Some evidence that these differences reflect variations in values, and not simply differences in wealth or occupational structures, may be deduced from the fact that the two major former American colonies, the Philippines and Puerto Rico, though low in per capita income, have a much larger proportion of the college-age cohort enrolled in colleges and universities than any country in Europe or the Commonwealth, a phenomenon that appears to reflect the successful effort of Americans to export their belief that “everyone” should be given a chance at college education. Similarly, the Scots, whose society is both more equalitarian and achievement oriented than the English, though much poorer economically, have proportionately many more students enrolled in universities. The rapid growth in the proportion of Australians still at school in the 20–24 age group, placing Australia considerably ahead of Canada, indicates that observers of the Australian scene may be correct in reporting that achievement values are gaining there. It also points to the close relationship between achievement and equalitarianism.
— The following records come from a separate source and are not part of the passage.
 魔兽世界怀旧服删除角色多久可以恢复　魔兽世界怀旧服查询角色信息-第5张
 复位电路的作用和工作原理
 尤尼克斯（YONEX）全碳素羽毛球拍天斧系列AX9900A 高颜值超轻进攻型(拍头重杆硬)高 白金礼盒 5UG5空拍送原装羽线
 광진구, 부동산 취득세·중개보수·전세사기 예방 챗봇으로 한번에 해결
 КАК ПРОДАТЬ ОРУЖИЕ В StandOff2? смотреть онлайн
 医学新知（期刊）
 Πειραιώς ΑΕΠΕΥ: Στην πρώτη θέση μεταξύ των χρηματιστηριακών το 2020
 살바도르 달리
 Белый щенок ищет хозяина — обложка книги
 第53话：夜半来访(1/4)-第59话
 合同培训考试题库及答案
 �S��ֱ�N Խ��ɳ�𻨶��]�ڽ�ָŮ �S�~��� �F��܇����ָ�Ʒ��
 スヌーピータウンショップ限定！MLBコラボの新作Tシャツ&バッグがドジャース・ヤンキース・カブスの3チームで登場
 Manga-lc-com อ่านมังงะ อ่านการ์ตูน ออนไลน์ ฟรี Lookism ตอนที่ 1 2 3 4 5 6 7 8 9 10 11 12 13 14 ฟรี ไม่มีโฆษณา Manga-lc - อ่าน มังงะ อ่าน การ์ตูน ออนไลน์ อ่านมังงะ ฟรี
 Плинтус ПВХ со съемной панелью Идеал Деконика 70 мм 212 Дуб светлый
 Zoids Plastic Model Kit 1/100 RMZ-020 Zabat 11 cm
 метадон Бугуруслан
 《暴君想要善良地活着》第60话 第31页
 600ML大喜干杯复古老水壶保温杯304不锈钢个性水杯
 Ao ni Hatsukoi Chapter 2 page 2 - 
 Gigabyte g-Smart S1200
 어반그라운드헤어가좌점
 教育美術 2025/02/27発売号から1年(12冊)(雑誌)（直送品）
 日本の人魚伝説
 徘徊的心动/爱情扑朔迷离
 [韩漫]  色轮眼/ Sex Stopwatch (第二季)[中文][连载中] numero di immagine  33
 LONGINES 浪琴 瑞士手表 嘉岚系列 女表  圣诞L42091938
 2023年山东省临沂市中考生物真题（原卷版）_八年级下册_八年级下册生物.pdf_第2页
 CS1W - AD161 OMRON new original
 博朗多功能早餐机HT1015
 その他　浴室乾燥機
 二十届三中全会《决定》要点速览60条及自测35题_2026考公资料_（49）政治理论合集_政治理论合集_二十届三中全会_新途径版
One Australian educational expert accounts for the growth in education as inherent in “the objective of equality of educational opportunity which stems from the social philosophy of the country” (Bassett 1963).

The content of educational curricula also appears to reflect national value differences. In the United States and Australia, where status differences are seemingly less emphasized than in Canada, not to speak of the much more status-bound British society, curricula include more vocational, technical, and professional courses in schools and universities. These courses reflect the view that education should be concerned with imparting not only intellectual and purely academic skills but also practical knowledge directly applicable to a specific occupational situation (Conant 1961). As in the United States, Australian universities “are increasingly becoming high-level training institutions. Courses in pharmacy, forestry, surveying, physiotherapy, social work, town planning, agricultural economics, radiography, and many other new subjects have appeared on the scene to swell the number of university students and create new professions where only occupations existed before” (Bassett 1963, p. 293).

In Britain, and to a lesser degree in Canada, technical training has been viewed as corrupting the “aristocracy of intellect,” or those being trained for political and social leadership. The British have largely kept vocational higher education outside the universities, with separate nonuniversity-affiliated colleges or schools for those subjects. Canadians, though less successful in resisting the introduction of these subjects than the British, still differ from Americans in being more eager to maintain the humanist emphasis in the curricula, a point of view that seems to accompany ascriptive and elitist values in other societies as well (Woodside 1958, p. 20). It has been noted that in Australia “a utilitarian approach to education is wide-spread. Schooling is seen as vocational training and social adjustment rather than as the extension of general education and knowledge” (Barcan 1961, p. 43).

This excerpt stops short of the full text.